Given where we are, it goes without saying that our pastoral agents especially the priests live in challenging and even frightening times like other highlighted or visible Nigerians.

In the words of St. Paul, we pastoral agents are subjected to all kinds of hardship but never distressed. We see no way out but never despair. We are pursued but never cut off. We are knocked down but still have some life in us. We carry with us in our body the death of Jesus so that the life of Jesus too may be visible in our body (cf. 2 Cor. 4:8-10).

Last Saturday one of our young priests, Fr. Kieran Gonap while addressing the congregation in Kukyer about the kidnap of Fr. Francis Aweso Bako and the murder of Fr.

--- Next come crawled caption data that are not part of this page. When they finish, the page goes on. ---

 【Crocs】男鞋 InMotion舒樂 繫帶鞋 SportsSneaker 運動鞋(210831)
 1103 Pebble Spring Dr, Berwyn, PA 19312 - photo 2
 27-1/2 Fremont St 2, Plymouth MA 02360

Alphonsus said: “With or without kidnapping the work of proclaiming the Gospel must go on. We cannot stop. We cannot run away.”

I felt happy and encouraged by that. Fr. Gonap was actually re-echoing what St. Paul said to the suffering minority Christians of Rome when he asked rhetorically: "Can anything cut us off from the love of Christ - can hardships or distress, or persecution, or lack of food and clothing, or threats or violence; as scripture says: for your sake we are being massacred all day long, treated as sheep to be slaughtered? No, we come through all these things triumphantly victorious, by the power of him who loved us.

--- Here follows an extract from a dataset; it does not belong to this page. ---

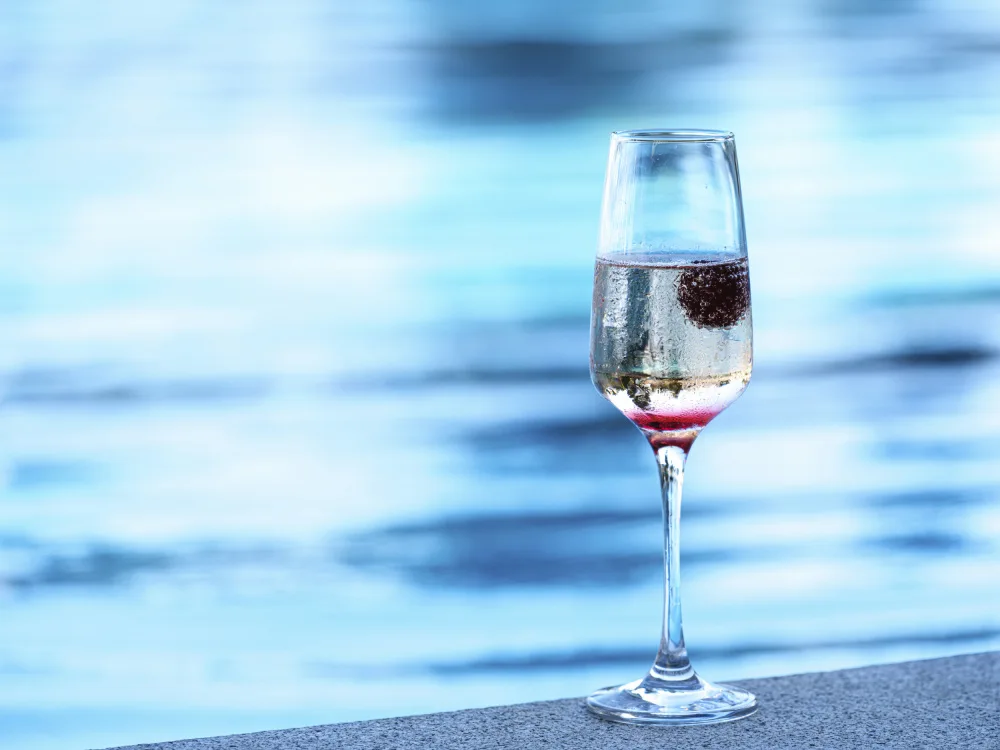 akyurt, engin: leckerer Cocktail am Pool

For I am certain of this: neither death nor life, nor angels, nor principalities, nothing already in existence and nothing still to come, nor any power, nor heights nor the depths, nor any created thing whatever, will be able to come between us and the love of God, known to us in Christ Jesus our Lord" (Rm. 8: 35-39).

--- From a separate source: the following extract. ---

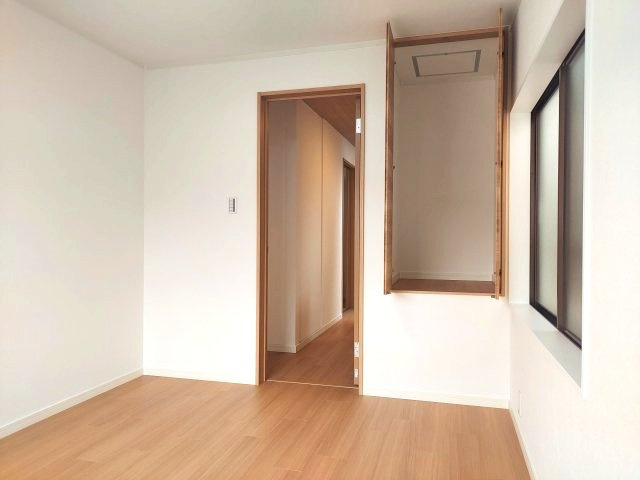 伊丹市荻野4丁目一戸建の洋室|2階東側洋室約6帖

Dear brother priests, with all these serious challenges and threats to our lives, are we afraid? Why not? Are we frightened? Why not? Are we worried? Why not? We are rightly afraid, frightened and worried because we are human and it is nothing to be ashamed of.
However, be sure of this, the God who called us and entrusted his work to us is with us because he is Emmanuel.

And this is his assurance to each of us: “Do not fear for I am with you. Do not be afraid, for I am your God. I will strengthen you, I will uphold you with my victorious right hand. All who are incensed against you will be ashamed and disgraced; those who strive against you will be as nothing and will perish. For I, the Lord your God, uphold your right hand, it is I who say to you, ‘Do not fear, I will help you. Your Redeemer is the Holy One of Israel” (Is. 41: 10-14).

Finally, dear brothers and sisters in Christ, it is my hope and prayer that these words of St. Paul to Timothy accompany Fr. Alphonsus Yashim Bello as we lay him to rest: “As for me, my life is already being poured away as a libation, and the time has come for me to depart.

I have fought the good fight to the end; I have run the race to the finish; I have kept the faith; all there is to come for me now is the crown of uprightness which the Lord, the upright judge, will give to me on that Day, and not only to me but to all those who have longed for his appearing” (2 Tim. 4: 6-8).

May the Soul of Fr. Alphonsus Yashim Bello and the souls of all the faithful departed through the Mercy of God rest in perfect peace. Amen.